The question: What should I build?
The secondary question: What should I build it in?

I’ll answer the secondary question first: With one of the new impractical languages I’ve been studying. Objective C, Groovy, Lisp, Io, Ruby, Python are the ones I’m most comfortable with currently. I’m leaning towards  doing it with Io. The language has some  nice properties that just appeal to my sensiblities. Why I find Io attractive shall be the subject of another blog entry I suspect. Here are some possible project ideas:

- Embed Io into X, where X = {VIM, Frontier Kernel}
As a proof of concept, embed Io into X. I’ve been meaning to spend more time exploring VIM. Same story with Frontier. Doing either of these is going to be the hardest task on my list. I’ll need to look at the X source code before my vacation to decide whether to do this. I suspect the tricky bit will be integrating Io garbage collection and the legacy C code.
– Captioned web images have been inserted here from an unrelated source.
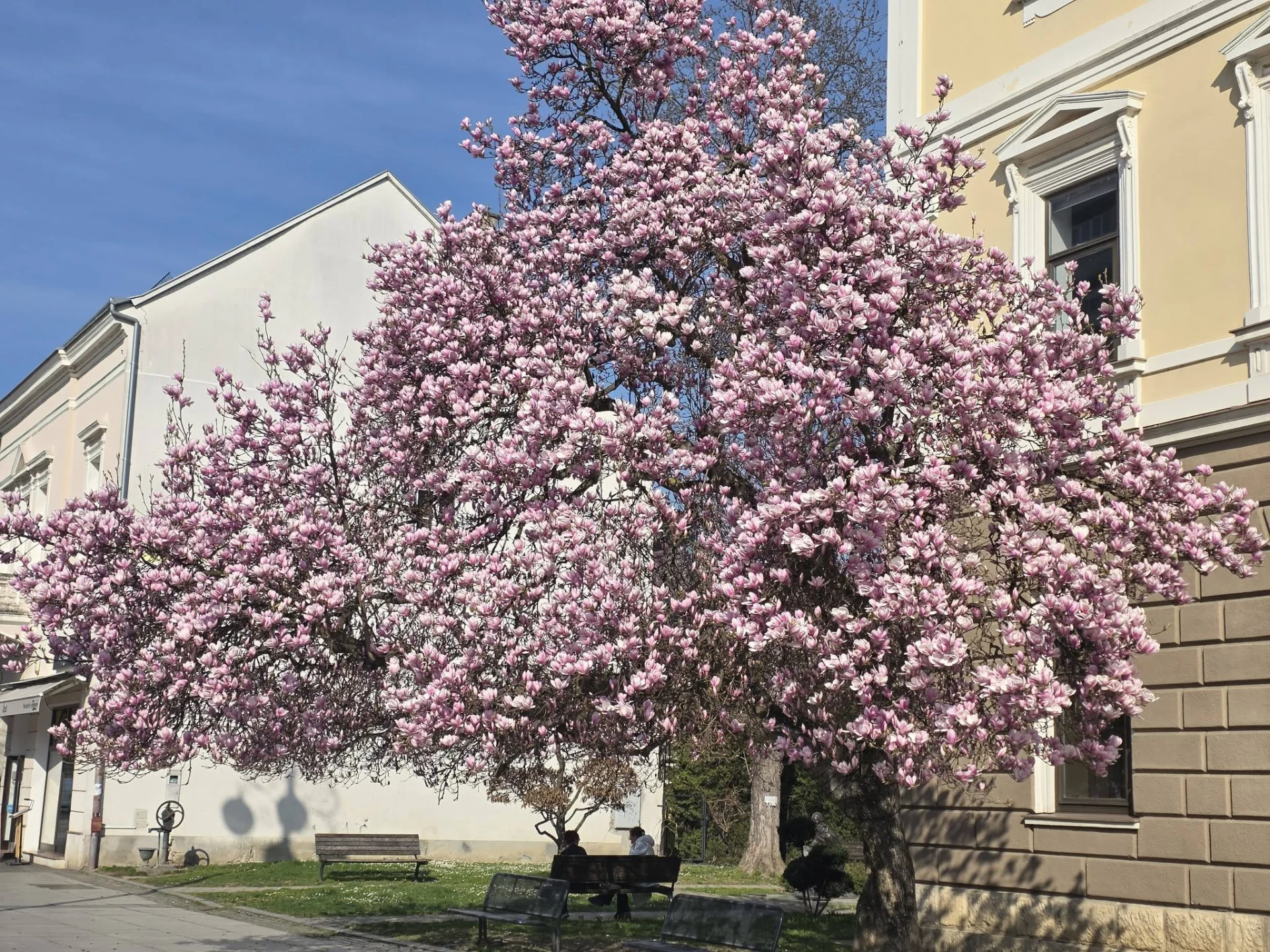 Proljeće je stiglo: prvi proljetni dani donose novu energiju i optimizam
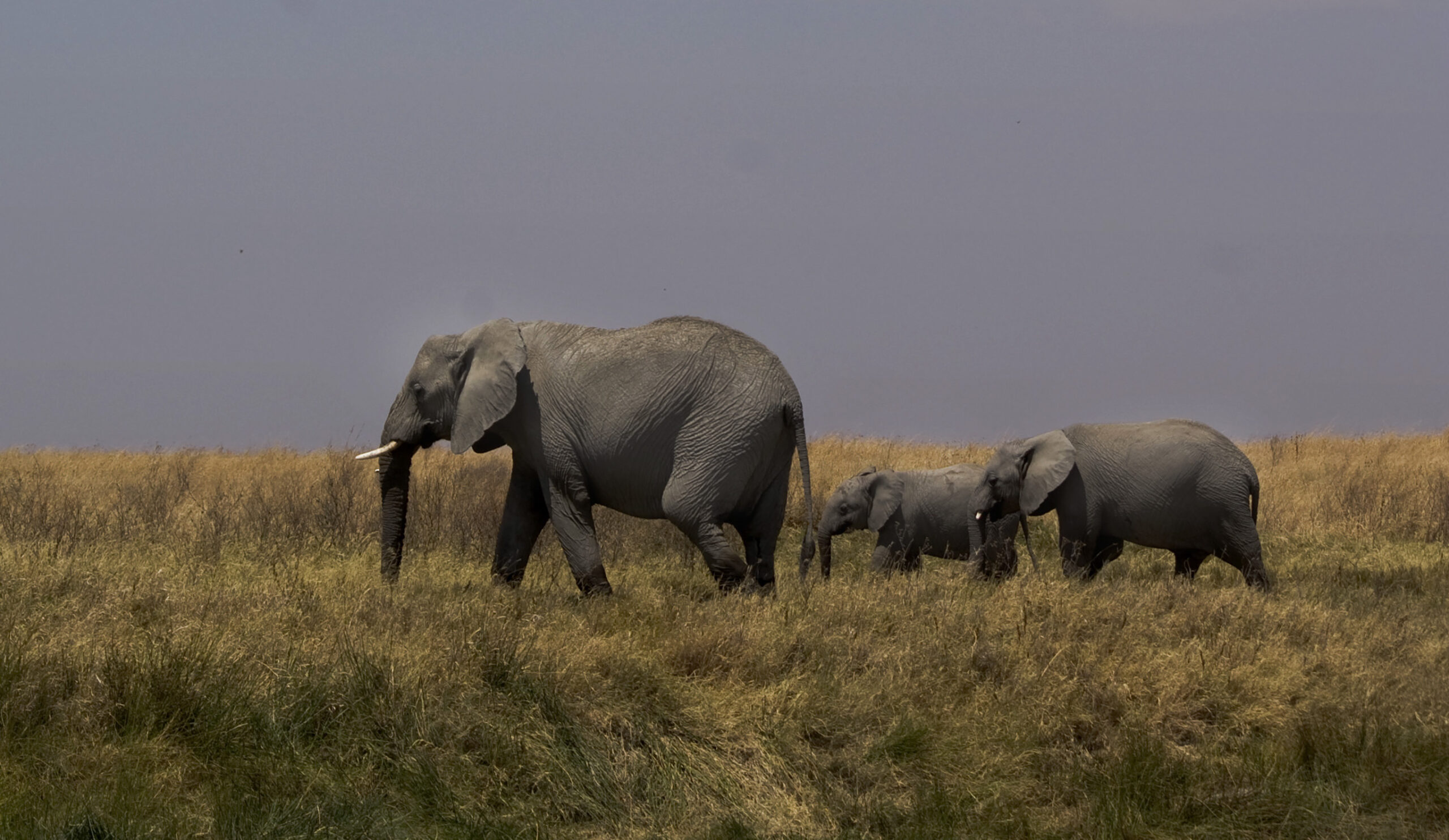 1-Day Selous Safari from Zanzibar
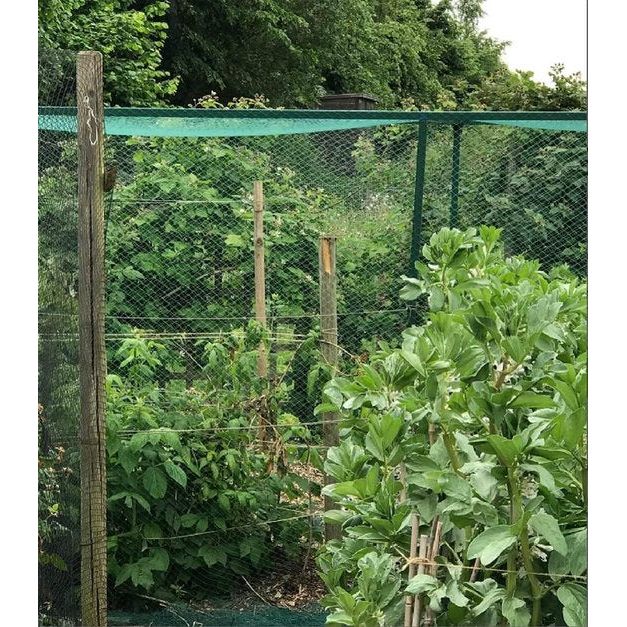 Vogelbeschermingsnet, vogelnet, vijvernet, tuinnet, zwembadnet voor tuin, balkon of vijver, kersenboom, robuust, uv-bestendig, maaswijdte 17 mm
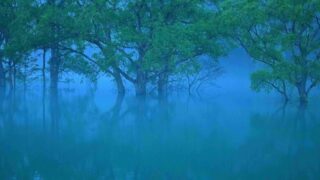 水没林(すいぼつりん)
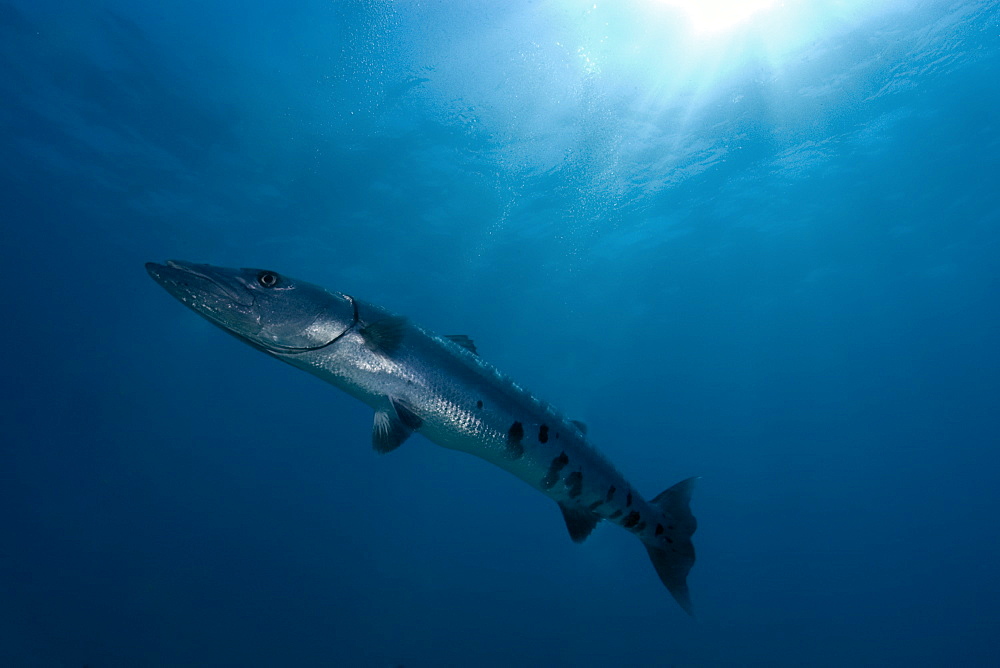 Great barracuda (Sphyraena barracuda), Molasses Reef, Key Largo, Florida, United States of America, North America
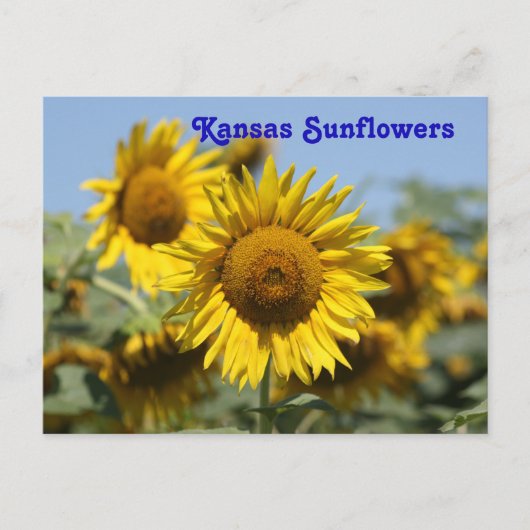 CARTE POST Kansas Sunflowers (Devant)
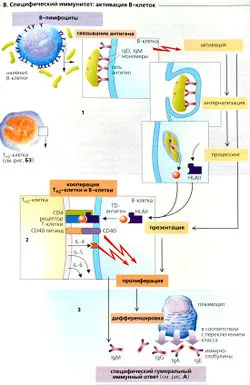Специфични и неспецифични имунитет
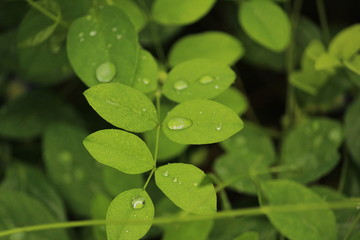 Close up shot of water drops on the single or lot of green leafs on the garden, rain drops on the single or lot of green leafs in the garden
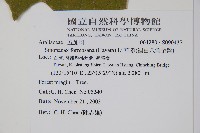 華參、裡白八角金盤藏品圖，第5張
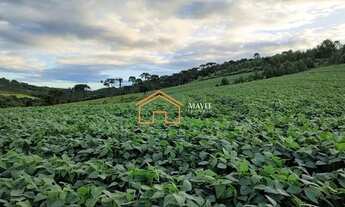 Imagem 6: Terreno Rural 140.000m² com 8 hectares de lavoura pronta em Campo Belo do Sul - SC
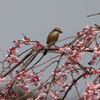 僕だって桜好きだよ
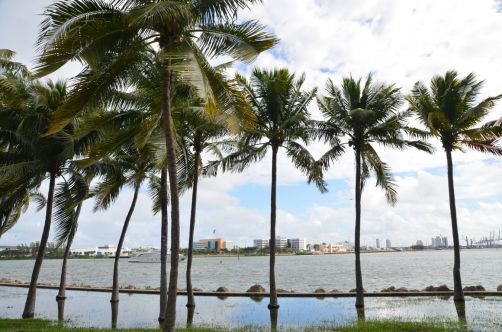 miami-244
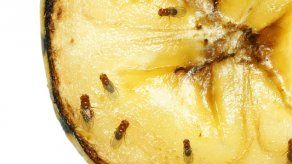 ¿Por qué la mosca de fruta tiene un esperma gigante?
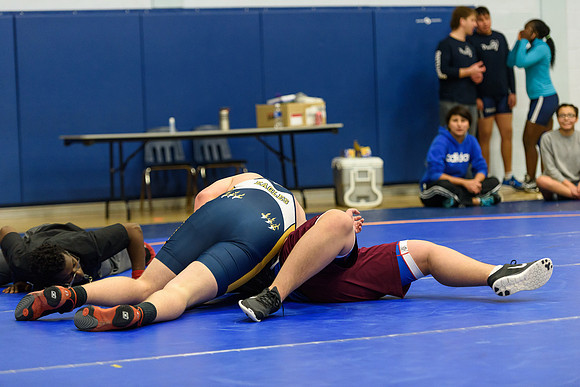 Wrestling DHS 011516-3-3155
- Write a RSS/WebServices Cocoa application
Seems doable. A number of examples supplied with the Io tarball are Objective C related. Plus RSS/Webservice kinda stuff is what I’ve been wanting to play with for awhile. Maybe I’ll write an Amazon Web Services client. Or a RSS reader. Or both if they turn out easy enough.

- Write a webserver
HTTP 1.0 is a simple enough spec to implement. I’ve done it in the past. Maybe add persistent connections and pipelining if I have the time. It’ll be interesting to write a webserver with a language that has support for coroutines. The event driven model for a webserver intrigues me to say the least.

- Write a blog
Doesn’t need to be anything fancy. Blosxom is a small blog software that does really fancy stuff with very little code. That should be my goal but initially I just want to display text files in reverse chronological order of their creation date.

I’ll probably do the blog and improve it. With any time left I’ll try and write a Cocoa application. This seems like an entirely sensible plan.